The Uzi submachine gun had been adopted by more than 90 countries worldwide

Country of origin Israel
Entered service 1954
Caliber 9x19 mm
Weight (unloaded) 3.5 kg
Length (stock extended) 650 mm
Length (stock folded) 470 mm
Barrel length 260 mm
Muzzle velocity 400 m/s
Cyclic rate of fire 600 rpm
Practical rate of fire 40 - 120 rpm
Magazine capacity 25, 32, 40, 50 rounds
Sighting range 200 m
Range of effective fire 100 m


   The Uzi submachine gun was designed by Uziel Gal, an Israel's army lieutenant, in 1949. This weapon is named in honor to its designer. It was officially adopted in 1951 and was first introduced to Israel's army special forces in 1954. Two years later it became the standard issue submachine gun. It has been manufactured by the Israel Military Industries (IMI). This weapon was phased out of frontline service with the Israel Defense Force (IDF) in the 1980s and is used only by reserve units. However this submachine gun was so successful, that it had been adopted by more than 90 countries worldwide either for military use or law enforcement forces. It was license-produced in Belgium by FN Herstal (FN Uzi) and Rhodesia (now Zimbabwe). Unlicensed copied have been produced in China (Model 320) and Croatia (ERO). There are numerous clones of this submachine gun.

   The Uzi is an open bolt, blowback operated submachine gun, chambered for a standard 9x19 mm Parabellum round. Design of the Uzi has been influenced by the British MCEM-2 experimental submachine gun, or Czechoslovak Sa vz.23 submachine gun. Both of these weapons had their magazines housed in their pistol grips.

   The Uzi SMG is simple in design and technology. It is made primarily from stamped sheet metal. Also it has relatively few mowing parts. This submachine gun can be easily field stripped for maintenance and repairs. Weapon was selected by Israel's army due to its simplicity and ease of production.

   This submachine gun is fitted with manual safety switch, which is also a fire mode selector. There is additional automatic grip safety button. This submachine gun has a semi-auto and full-auto modes.

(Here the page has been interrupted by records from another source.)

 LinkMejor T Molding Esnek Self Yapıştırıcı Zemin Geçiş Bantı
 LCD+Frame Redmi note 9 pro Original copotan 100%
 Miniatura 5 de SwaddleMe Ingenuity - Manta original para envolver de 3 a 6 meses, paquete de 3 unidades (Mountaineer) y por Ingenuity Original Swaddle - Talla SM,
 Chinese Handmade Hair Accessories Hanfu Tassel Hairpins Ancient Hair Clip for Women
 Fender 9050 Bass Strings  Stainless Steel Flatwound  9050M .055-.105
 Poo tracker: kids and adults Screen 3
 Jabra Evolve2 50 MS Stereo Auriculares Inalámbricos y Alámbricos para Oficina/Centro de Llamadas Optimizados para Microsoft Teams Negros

   A charging handle is located on top of the receiver. The weapon can be charged by using either hand. The charging handle does not reciprocates when the weapon is fired. It has a cutout in the middle in order not to obstruct the sights.

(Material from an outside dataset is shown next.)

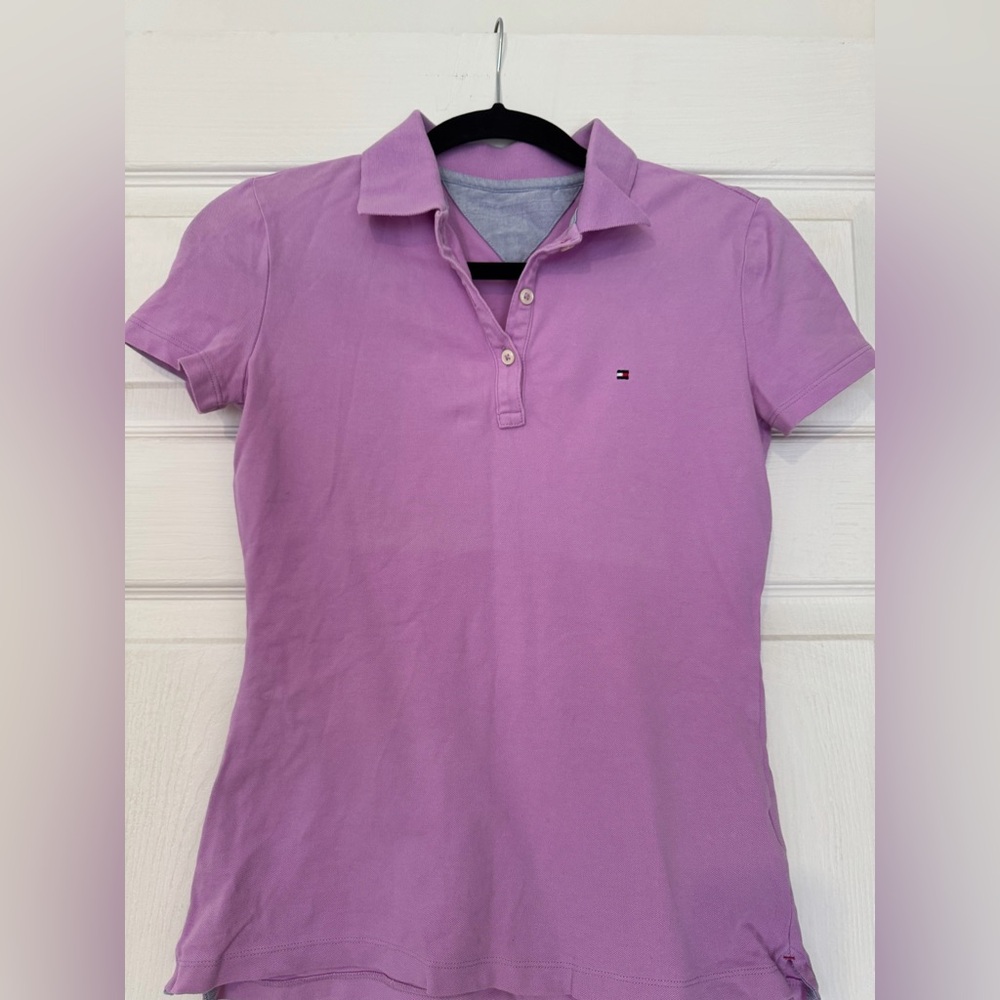 Tommy Hilfiger Women's Lavender Button Down Shirt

   Magazine is housed in the pistol grip. This feature made the weapon shorter, better balanced and reloading become more intuitive. If required, the Uzi can be held and shot by using just one hand. Weapon is fed from 25-, 32-, 40-, or 50-round box-shaped magazines.

   Early production models of this submachine gun have a detachable wooden stock. Later models were fitted with a collapsible metal stock.

   In general it is a reliable weapon, however it can still jam if not cleaned regularly. Downside of the Uzi is its limited range and accuracy, especially in full-auto mode. Also it has some design flaws. These were the main reasons why this submachine gun was phased out of the IDF service.




   Uzi carbine, fitted with a longer barrel. It has been aimed mainly at civil customers.

   Mini Uzi, a compact model developed in 1982. It is fitted with a shorter barrel and a side-folded frame stock. This submachine gun is also compatible with smaller 20 round capacity magazines. Its range of effective fire is about 100 meters.

   Micro Uzi, even more compact model, developed in 1983. It has a side-folded frame stock, similar to that of the Mini Uzi. It uses smaller 20 round magazines as standard. Range of effective fire is about 30 meters.

   Uzi pistol. Basically it is a scaled-down Micro Uzi without shoulder stock. It fires in semi-automatic mode only and has been aimed mainly at civilian market.

   Uzi PRO a recent and redesigned version, intended primarily for Israel's special operations forces. This submachine gun was introduced in 2003. It evolved from the Micro Uzi, after the IMI engineers have gathered complaints, impressions and reports from the Micro Uzi users. This weapon has a reduced weight, as it uses polymers and lightweight titanium alloys. This submachine gun is fed from the Glock 17-round and 33-round magazines.